Ich frage An Pham Thien, die als Einheimische aus Ho Chi Minh City heute meine Stadtführerin ist, was denn da so köchelt. Die Namen der Speisen erscheinen mir noch undurchsichtiger als das Gekochte an sich. Im Wesentlichen kommen Hühnchen, Rind oder Schwein mit Mundgo-Bohnen, Nudeln, Sojasprotten in das Gericht. Ein Tabu gibt es in Vietnam nicht, sodass auch andere Fleischsorten zu finden sind, die für Europäer eher abstoßend wirken. Ein Gericht beinhaltet immer Reis, auch Nudeln werden aus Reis hergestellt und gehören zu jeder Speise als Beilage dazu. Die südvietnamesische Küche weißt starke Einflüsse von Thai, Khmer und indischer Küche auf. Im Norden sind eher chinesische Einflüsse zu entdecken. Es ist nichts so heiß, wie es gekocht wird – das passt in Vietnam tatsächlich, denn fast alles wird im Sud gegart und dann mundgerecht in einer Schale serviert. Nur mir als Europäer fällt etwas die Übung, die Speisen mit den Essstäbchen zu mir zu nehmen.
Wie gut, wenn man einen Einheimischen kennt, der einem Reisenden wie mir auch das Nachtleben der Stadt zeigen kann, das jenseits der touristischen Angebote liegt, denke ich mir und verlasse mich bei der Wahl der coolsten Bar heute auf meine Begleitung An Pham. Ein unscheinbares Haus, in dem niemand eine Bar vermuten würde, ist heute mein Ziel. Auf dem Dach liegt die Broma-Bar, eine Dachterrasse mit Blick über die Stadt, gleich neben dem markanten Bitexco Financial Tower, dem 262 Meter höchsten Gebäude der Stadt.
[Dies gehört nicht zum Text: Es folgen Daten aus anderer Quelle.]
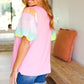 Stand Out Pink Rainbow Sequin Puff Sleeve Top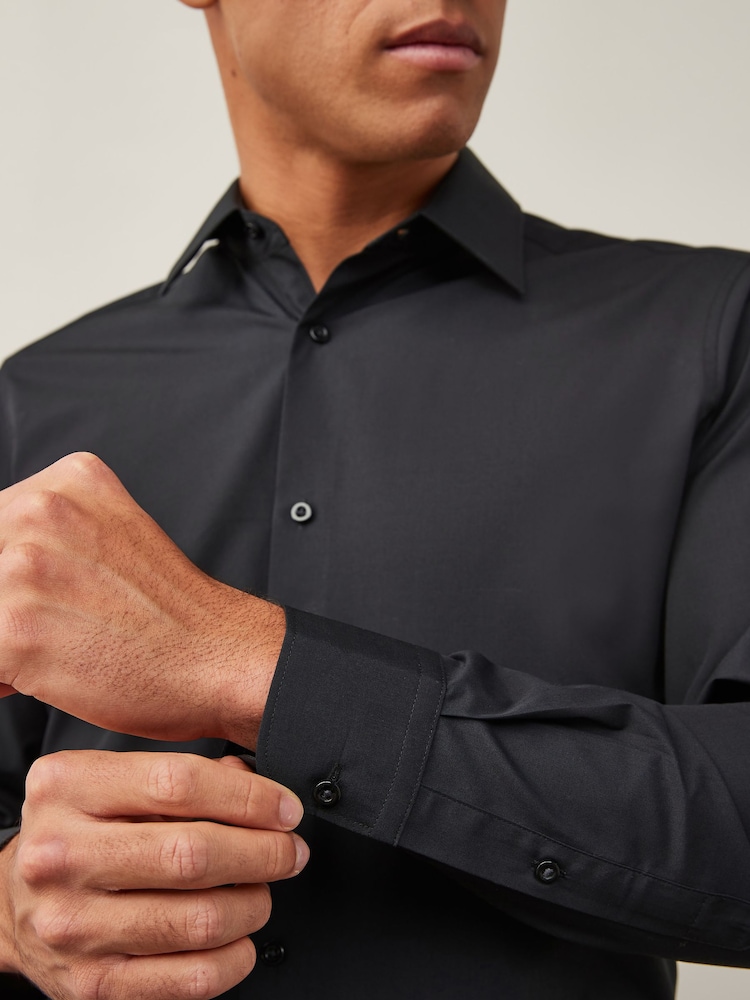 Black Skinny Fit Easy Care Single Cuff Smart Shirt - Image 5 of 8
Live-Jazz und eine skurrile Atmosphäre erwarten mich. Einige ausländische Gäste – wahrscheinlich wie ich auch in Begleitung – haben den Weg doch hierher gefunden. Solche Bars in Hinterhöfen, Wohnhäusern und an Ecken, an denen kaum kein Tourist vorbeikommt, sind es, die das versteckte Flair der Stadt ausmachen. Unten auf der Straße toben noch immer Horden von Motorrollern durch die Stadt, Nachtruhe ist hier unbekannt und das ist gut so, denke ich mir, den Saigon lebt, atmet, bewegt sich und steht niemals still – Saigon vibriert.
Fast etwas wehmütig, aber auch voller Spannung verlasse ich Ho Chi Minh City und begebe mich in einem einstündigen Flug in das in der Mitte des Landes gelegene Da Nang. Die Großstadt in Zentralvietnam, einst von den französischen Kolonialherren als Ort "Tourane" gegründet, liegt am Delta des Flusses Han. Die Stadt verfügt über einen Naturhafen, der Da Nang einst zu einem wichtigen Handelspunkt am Pazifischen Ozean machte. Begeistert bin ich von den traumhaften Stränden in Da Nang entlang des seichten, chinesischen Meers mit seinem badewannen-warmen Wasser. Ein Erholungsort der besonderen Art, der Reisende anzieht und zu einem ausgedehnten Badeurlaub einlädt.
Hier ist alles auf Touristen eingerichtet. Große Ressorts bekannter Hotelketten bieten luxuriöse Zimmer oder Bungalows. Das ist nicht Vietnam, das ist global. Wer das Leben der Vietnamesen hier kennenlernen will, muss danach suchen, denn alles ist auf Reisende ausgerichtet. Ein paar historische Dinge gibt es aber doch zu sehen. So sind die Marmorberge mit ihrer buddhistischen und hinduistischen Tempelanlage und der atemberaubende Grotte "Huyen Khong", die einen buddhistischen Altar und zahlreiche Figuren beinhaltet, auf jeden Fall einen Besuch wert.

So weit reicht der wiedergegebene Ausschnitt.